A Neural Architecture for Automated ICD Coding — Pengtao Xiey, Haoran Shix, Ming Zhangx and Eric P. Xingy
The paper explores an applied work about assigning ICD diagnosis codes to patients based on free-text diagnosis descriptions. Some hospitals employ teams of coders to review the diagnosis descriptions prepared by the physicians and subsequently assign the standardized ICD codes to them. The classification model could help automate this task. The model is developed using the publicly available MIMIC-III dataset containing 59K patient visits, including diagnosis descriptions and ICD codes. ICD codes are organized in a hierarchical structure, and every code has a formally and precisely worded textual description. The model uses an LSTM encoder to translate the diagnosis description to a latent vector. Latent vectors for the ICD codes are created by a tree-of-sequence LSTM that is based on an LSTM encoder using their textual description and a bi-directional tree LSTM to incorporate the hierarchical structure. To compensate for the stylistic differences, the experiment uses adversarial techniques to make the two types of latent vectors (diagnosis description vs. codes) indistinguishable. In the end, attention mechanisms use the one-to-one or one-to-many techniques. The paper reports on a work-in-progress with a current sensitivity/specificity of 0.29/0.33, which leaves room for improvement.
A Simple End-to-End Question Answering Model for Product Information — Tuan Lai, Trung Bui, Sheng Li and Nedim Lipka
This paper was part of the 1st Workshop on Economics and Natural Language Processing. It proposes a simple deep learning question-answering model that can assist shoppers in their purchase decisions. The model is planned to be used for a generic web service to support retailers. Shoppers usually have various questions about products’ descriptions and specifications, and this modal can automatically answer these questions. The modal was developed using a dataset of 7,119 questions created using MTURK and specifications from 153 different products. The model takes a question-specification pair as input, creates latent vectors from both using a BiLSTM and derives the matching scoring based on the two vectors using a fully-connected layer.
This year, ACL delved into a breadth of hot topics in the NLP domain. Clearly, deep learning remains the dominant approach to solving NLP tasks. However, there is an increased focus on developing a better understanding of deep learning embeddings and evolving deep learning into a robust engineering technology.

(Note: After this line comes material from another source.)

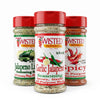 Spiced Up 3 Pack Seasonings Collection 5 oz. Jars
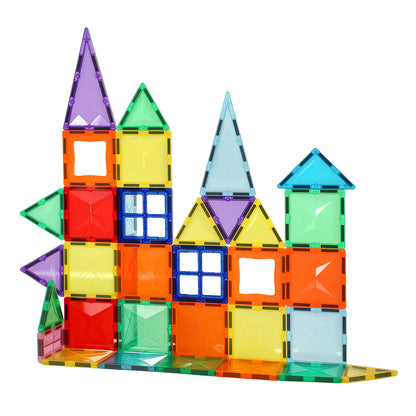 Dekko Magnetic Building Blocks Tiles Kids STEM Educational Toy 40pc 60pc 100pc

Topics related to testing deep learning models for specific linguistic capabilities, applying state-of-the-art models to harder tasks, and establishing strong baselines also gained significant attention. Several papers also introduced new versions of network architectures and novel methods for question answering, sentiment analysis, and style transfer. ACL 2018 also witnessed the launch of the Asia-Pacific Chapter of the Association for Computational Linguistics (AACL), which will mainly focus on conferences and regional events in the Asia-Pacific region.

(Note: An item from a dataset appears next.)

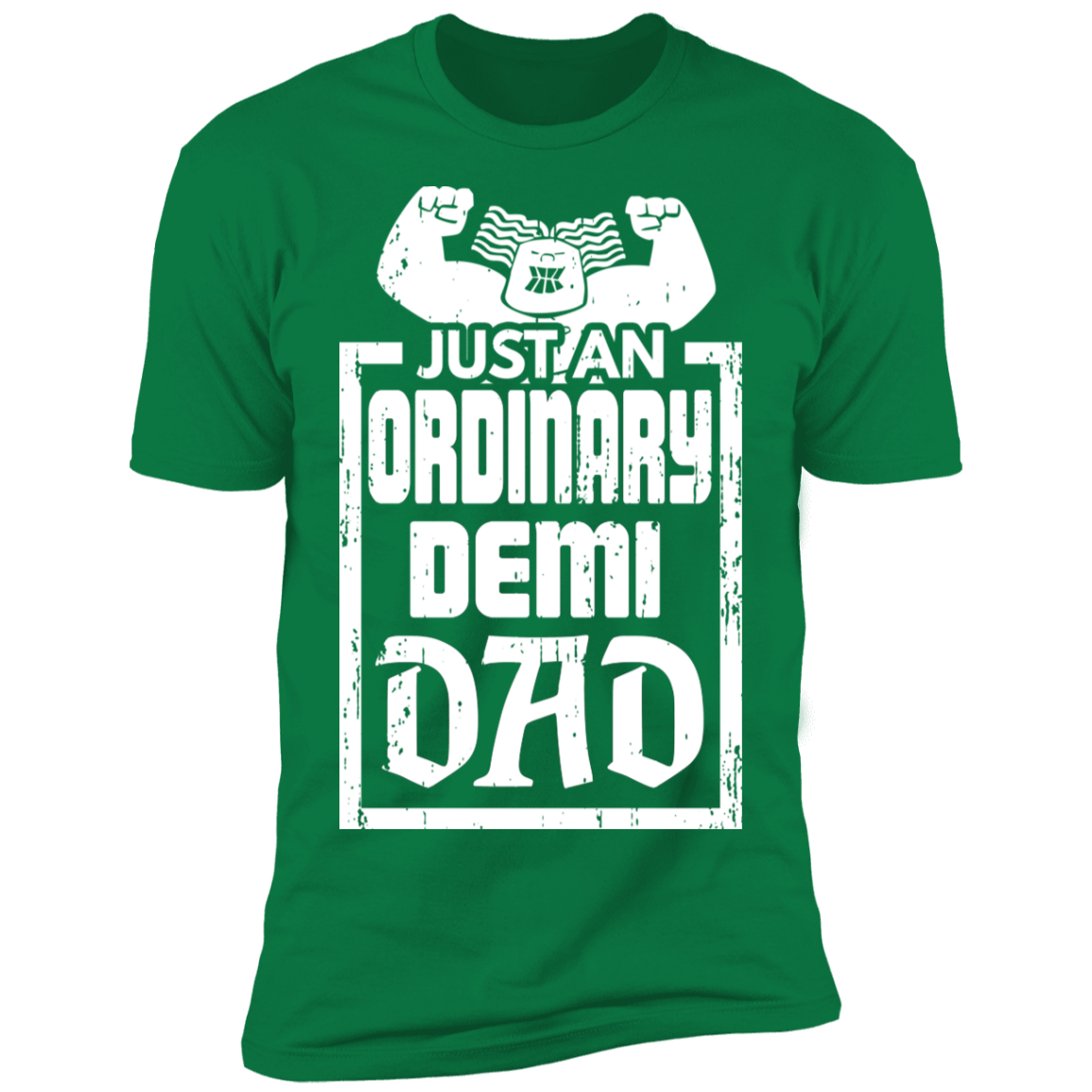 Demi Dad Premium SS T-Shirt - DNA Trends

ACL 2018 was a witness to the rapid strides made in the NLP field. The presence of more sponsorships, therefore, becomes crucial to keep pace with the continuous progress in the field and the speedy growth of the ACL community. SAP had a significant presence at ACL this year and, given a large number of NLP-based use cases in our enterprise solutions, we will certainly maintain close ties to the NLP community.